Maria do Céu Ramos enumera, também, alguns dos eventos que foi possível concretizar nestas últimas décadas.

“Foi muito interessante, por exemplo, acompanhar a organização do restauro da igreja e a visita do Presidente da República Jorge Sampaio, que inaugurou esse restauro. Foi muito interessante fazer uma conferência internacional sobre a Cartuxa, fazer duas ou três exposições para dar a conhecer a arte cartusiana, e esses projetos são irrepetíveis.”

A um nível mais pessoal, o convívio com os monges foi também motivo de reflexão para para Maria do Céu.

“Tive o privilégio de conhecer um cartuxo que era o Fonseca, antigo jogador do sporting, um angolano ou moçambicano, não me recordo, que depois de ter tido uma vida desportiva na alta competição do futebol, retirou-se para a Cartuxa.
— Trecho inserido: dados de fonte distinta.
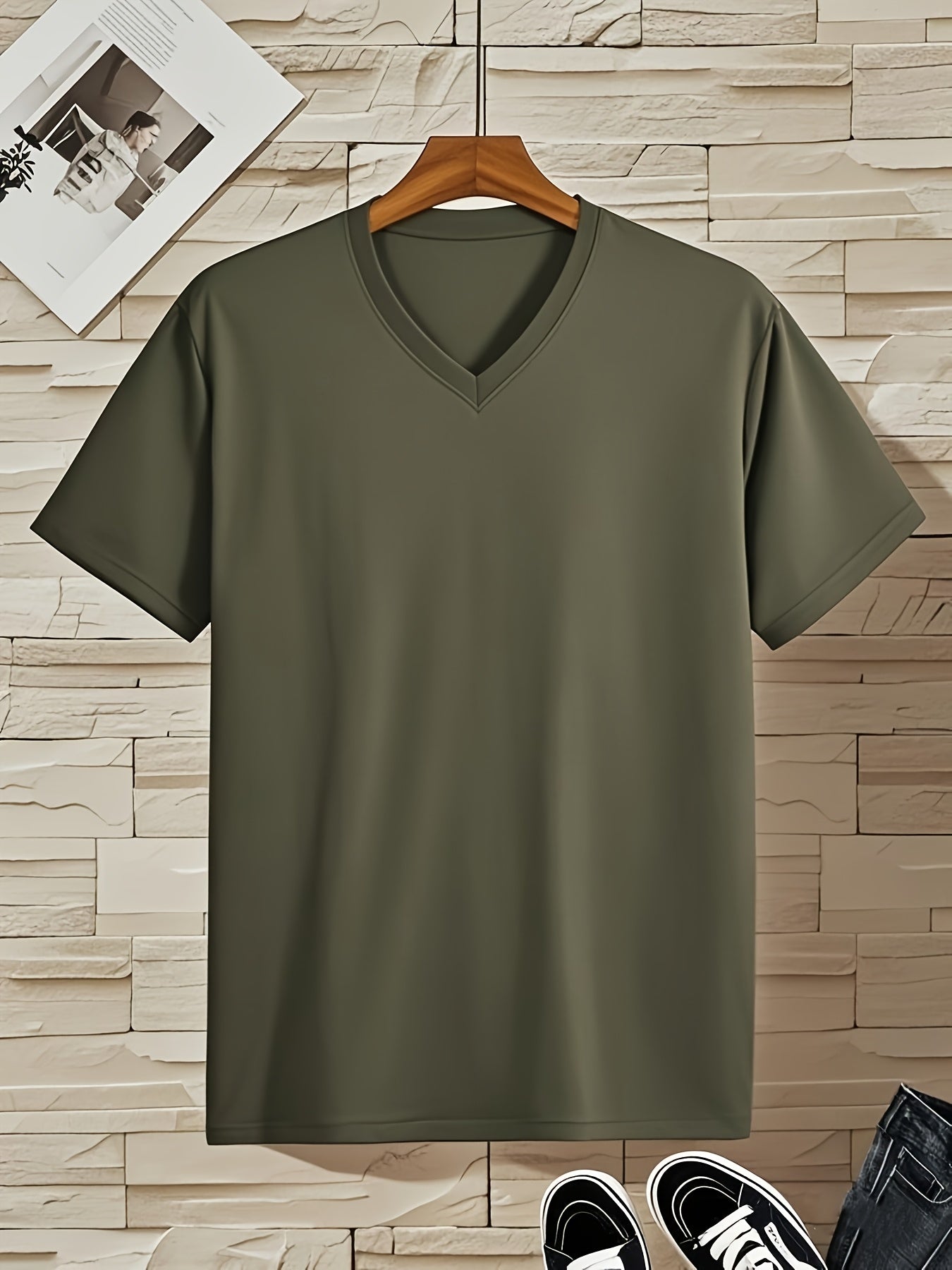 Men'S V-Neck Short Sleeve T-Shirt - Lightweight & Breathable, Casual Fit, Solid Black, Perfect for Summer, High-Quality Knit Fabric, Everyday Tshirt | Casual Style | Comfortable Fit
Era o irmão Paulo e visitava-nos com muita regularidade. Era de uma fraternidade perfeitamente tocante. Foi uma pessoa que conheci, por acaso, nos acasos que vêm no exercício das minhas funções, mas nunca pensei conhecer um futebolista de tão grande gabarito que escolheu o silêncio. Isso diz-me alguma coisa e dá que pensar.”

A secretária-geral da FEA garante que, “numa leitura exigente da sua missão”, a instituição vai continuar, mesmo depois da despedida, “a honrar os valores cartusianos e a memória da sua presença em Évora”, dando “visibilidade à sua presença, de todas as maneiras que o tempo propuser e recomendar”.

“Vou descansar, depois de 30 anos falando, falando, falando”

Quem também escolheu o silêncio foi o padre Antão Lopez, o “rosto” dos cartuxos de Évora, que nas últimas três décadas foi o responsável pela comunicação com o exterior, numa missão de “relações públicas” do Convento de Santa Maria Scala Coeli.

“Estou feliz. A maior diferença é que deixo de estar com os irmãos, mas vou descansar, depois de trinta anos falando, falando, falando”, sublinha, à Renascença o monge, ciente de que a partir de 1 de novembro tudo mudará.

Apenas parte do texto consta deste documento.